2002-2006 yılları arasında büyüme %7,6 gibi yüksek bir oran. Fakat yukarıdaki paragrafta vurguladığım gibi biz büyüme oranının yüksekliğinden ziyade verimlilik ve teknolojik gelişim artışıyla gelip gelmediğini önemsiyoruz. Büyüme verimlilik artışından gelmemiş olabilir, belki de daha fazla emek ile büyüme gerçekleşmiştir, sadece daha fazla insan çalışmıştır, bireylerin üretim kapasitesi artmamıştır. Acemoğlu ve Üçer 2002-2006 dönemi için faktör verimliliğindeki büyümeyi ortalamada %5,2 bulurken Dünya bankası %4,1 bulmuş. Dünya Bankası, 1980’lerden o döneme kadar olan ekonomik büyümenin faktör birikimiyle gerçekleştiğini, 2002-06 arasında ise daha ziyade verimlilikle gerçekleştiğini not düşmüş. 2009 sonrası dönemde ise verimlikte herhangi bir artış olmadığı gibi Acemoğlu ve Üçer faktör verimliliğinde büyümeyi negatif buluyorlar. Peki o zaman 2009 sonrası dönemdeki pozitif büyüme nereden geliyor sorusunun cevabını ise kredi hacmindeki artışta buluyorlar. Buradaki kredi artışı özellikle verimsiz çalışan inşaat sektörüne gidiyor ve düşük kaliteli büyüme gerçekleşiyor. 2006 yılında banka kredilerinin GSYH’a oranı %30 iken, 2015’te kamu bankalarının etkisiyle %65 gibi bir orana çıkıyor. İnşaat sektörüne yatırımlar aslında 2002-2006 döneminde de artış içerisinde ama aynı dönemde makine teçhizat yatırımları da hızla artıyor. Fakat 2007 sonrasında inşaat yatırımları daha da hızlanırken makine ve teçhizatta keskin düşüşler gerçekleşiyor.

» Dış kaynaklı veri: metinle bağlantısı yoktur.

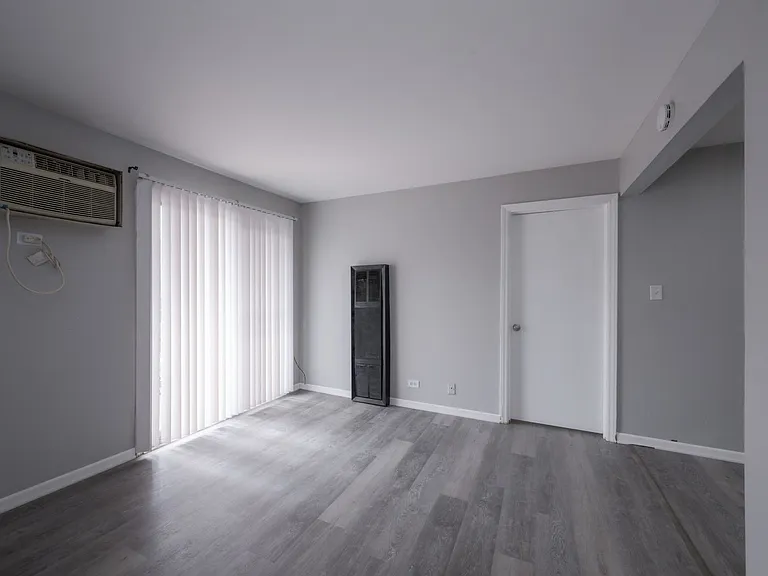 15311-02 Kilpatrick Ave — Photo 2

2002-2006 arası dönem için verimlilik artışı kaynaklı büyümeyi bulduk, şimdi teknolojik gelişim tarafına bakalım. Acemoğlu ve Üçer teknolojideki gelişimi orta ve yüksek teknolojili ürünlerin ihracattaki payı üzerinden incelemiş. 1990’lardan 2007’ye kadar orta ve yüksek teknolojili ürünlerin ihracatında artış görülürken 2007 sonrası ise artış duruyor. Türkiye tekstil gibi düşük teknolojiden dayanaklı tüketim malı ihracatına geçen bir ülke haline geliyor ve bu 2007’ye kadar bu devam ediyor.

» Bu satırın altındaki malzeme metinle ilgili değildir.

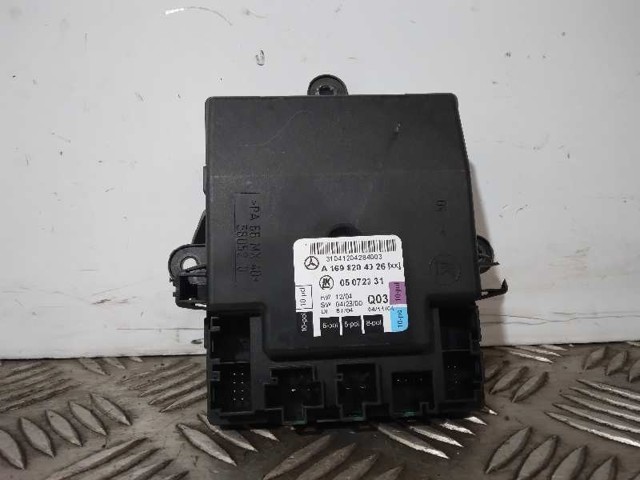 Mechanizm podnoszenia szyby drzwi przednich prawych A1698204026 MERCEDES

Yüksek kaliteli büyümenin tanımlanmasında paylaşım kısmına da değinmiştik. Paylaşım kısmında ise Gini Katsayısına bakıyorlar. 2000’li yılların başında 0,43 olan Gini Katsayısı 2006 yılında 0,38’e kadar düşmüş ki bu daha paylaşımcı bir ekonomi olduğunu ima etmekte. İstihdam piyasasında ise tarımdaki nüfus azalırken buradan kopuşlar sanayi ve hizmet sektöründeki istihdam artışları ile dengeleniyor. Yine de hala %9,9’luk bir işsizlik var, bu göstergede başarı durumu yok. Ak Partinin hiçbir döneminde de başarı gelmedi zaten.
Son olarak işin bir de ekonomik kurumlar kısmına bakalım. 2001 yılından itibaren Merkez Bankasına daha fazla bağımsızlık verilmesi durumu var. Bu hazır gelen para politikası reformun yanına mali reformlar ekleniyor ve daha şeffaf bir yönetim ve bütçeye geçiliyor. Bütçe içi ve dışı harcamalar birbirinden kopmuşken tekrar harcamalar bütçe içine çekiliyor. Kemal Derviş döneminden itibaren başlayan kurumlardaki iyileşme 2008’e kadar devam ediyor. Merak edenler için Acemoğlu ve Üçer kurumsal iyileşmeleri gösteren çok sayıda grafiği de makalelerine koymuşlar. Sonuç olarak 2002-2006 arası dönem ekonomik büyümenin kalitesi açısından gayet yüksek kaliteli ve sürdürülebilir bir büyüme çıkıyor. Büyümenin sürdürülebilir büyüme olması uzun dönemde süreceği anlamına gelmez, nitekim sürmedi de. Ama büyüme ya da enflasyondaki kötüye gidiş bu büyüme ve enflasyonla mücadele yöntemlerinden kaynaklanan bir sorun değil.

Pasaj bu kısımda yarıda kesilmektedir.